Finally, this afternoon, Vicky Cristina Barcelona: Woody Allen's new movie. Funny, thoughtful, poignant, and extremely interesting. Not to be missed: the past is prelude. I am looking forward to September: for me, it is always a beginning.
Friday, August 29, 2008
Friday morning
This morning dawned overcast, muggy, and cool -- a strange combination. I am sewing this morning and will finally get to the hair salon this afternoon, much overdue.

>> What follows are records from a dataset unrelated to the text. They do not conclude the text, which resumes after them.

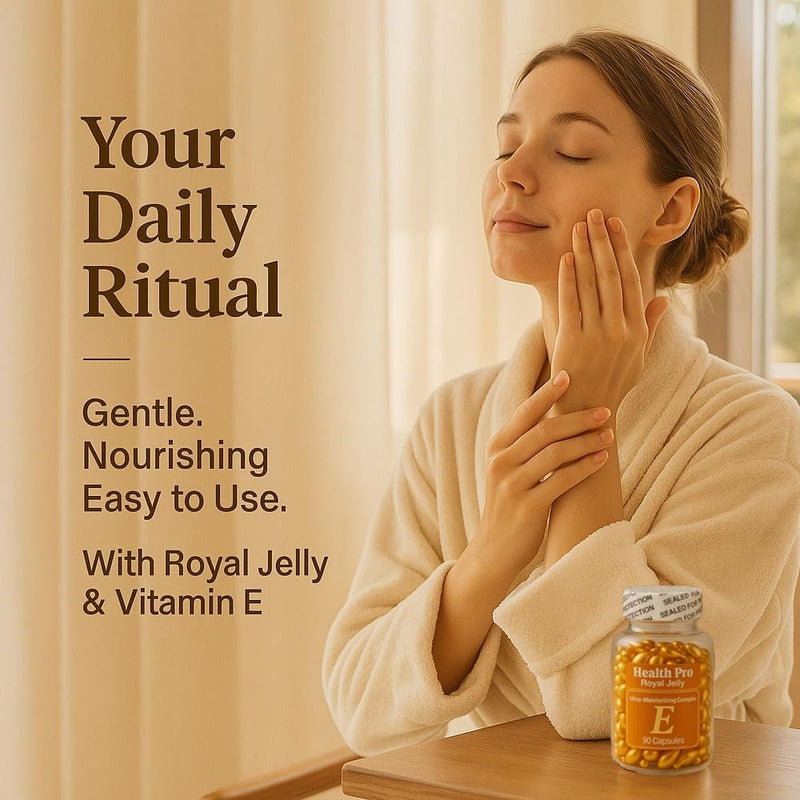 Nu Health Royal Jelly Vitamin E Oil Capsule – Hydrating Skin Serum | 90 Capsules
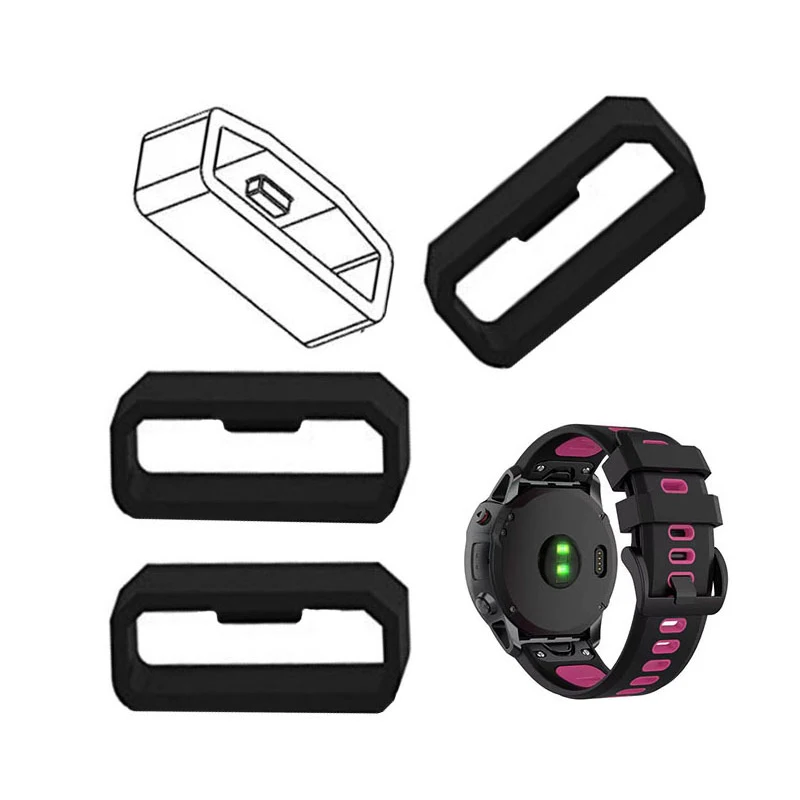Black Watchband 22 25 29mm Strap Loop Rings Retainer Silicone Watch Bands Holder Locker for Garmin Fenix 5 6 7 Garmin 935 945x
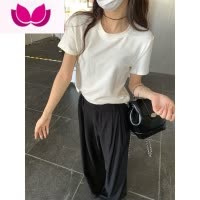 七斓 软糯纯色基础短袖2023新款简约圆领内搭打底弹力T恤女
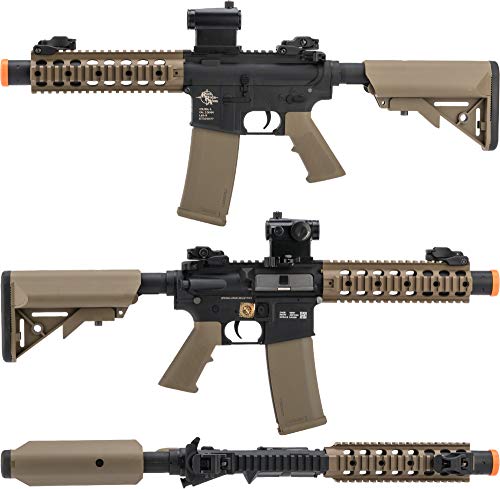 Evike Airsoft - CORE Series M4 AEG ( M4 SBR Suppressed / 2-Tone Black & Tan)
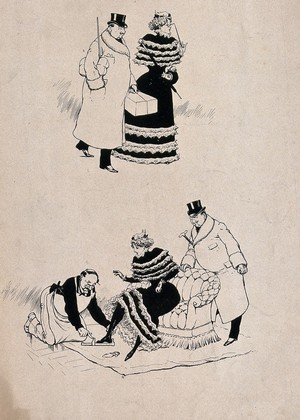 view (Below) a woman is sitting on a chair having her feet measured for a pair of shoes, her male companion stands and waits for her; (above) the couple are walking away and the man is carrying the box with the shoes in it. Line process print, ca. 1900.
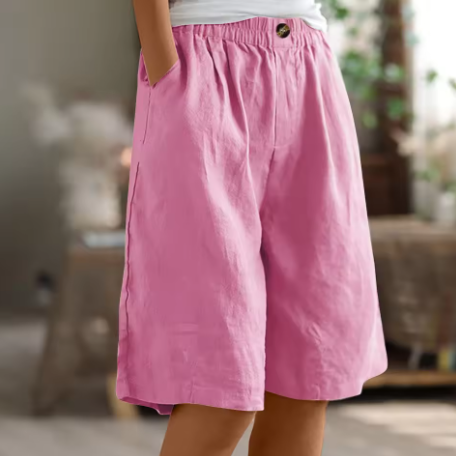 Women's Shorts – Loose Fit Above Knee | Elastic Waist & Side Pockets 4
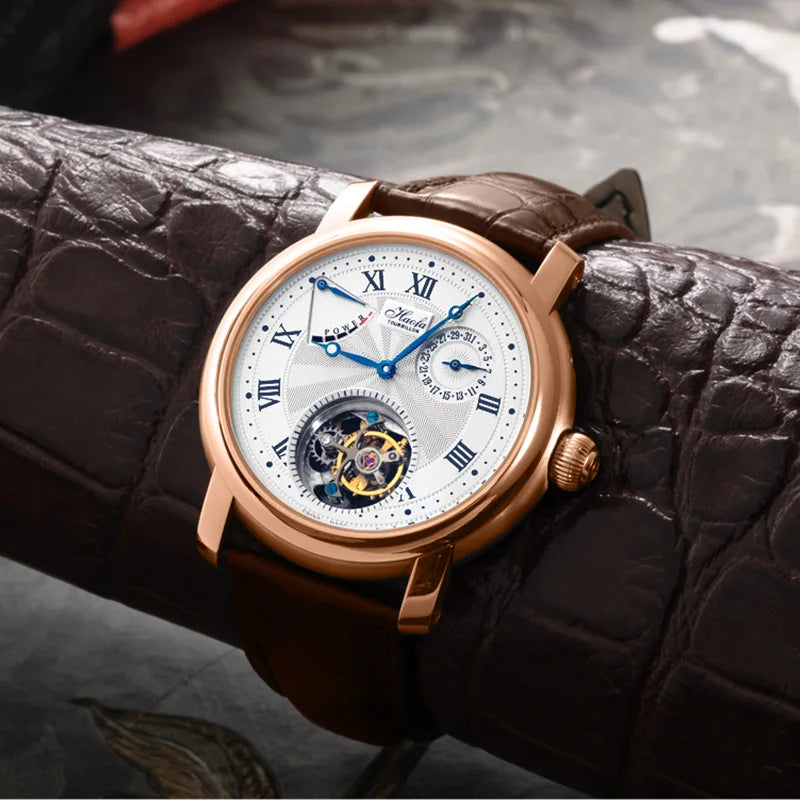 18K Solid Gold Tourbillon Watch | Sunburst Dial Sapphire
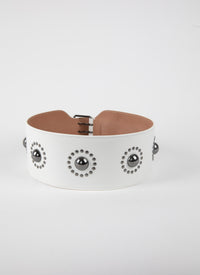 Studded buckle belt in leather - Optic White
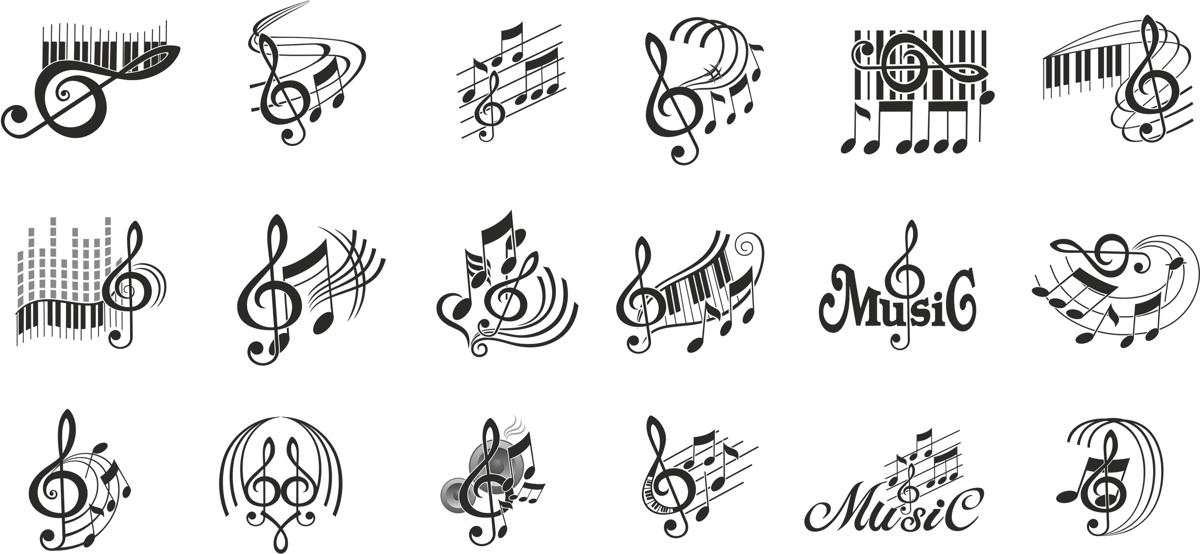 طرح وکتور نت موسیقی مناسب برای استفاده در دستگاه های cnc چوب و cnc لیزر - note music vector cdr file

I was going to blog last night but once I turned on NY public radio to listen to the convention, I resorted to cutting fabric so I could pay attention to the radio. I don't watch TV so this was really the first time I tuned into the goings-on; I didn't think I should miss tonight's acceptance speech. I am glad I didn't. Obama was brilliant and while he spoke, I was a college student again, transported to Boston Garden in the fall of 1960, riveted by Jack Kennedy as he ran for President. Here is the campaign button I bought that night - it has never left my bulletin board.
How I feel today is less about politics than about hope and change and renewal -- and a sense of connection - - something Laura c-w spoke about so eloquently this past week. And through it all, an overwhelming sense of mourning and the loss of our collective innocence.
Enough said. I need to attack the pile of almost-done pieces that are piled on the chair waiting to be stitched. But before I go to work, I wanted to post a few examples of what I printed while I was standing at the booth in Ohio, playing and talking to shop owners. Pool noodles, sequin waste, stencils,stamps, blue tape. What fun! Paint and Shiva Paintstiks.I was a little limited with materials but it was fun, anyway. Now, time to get down to work.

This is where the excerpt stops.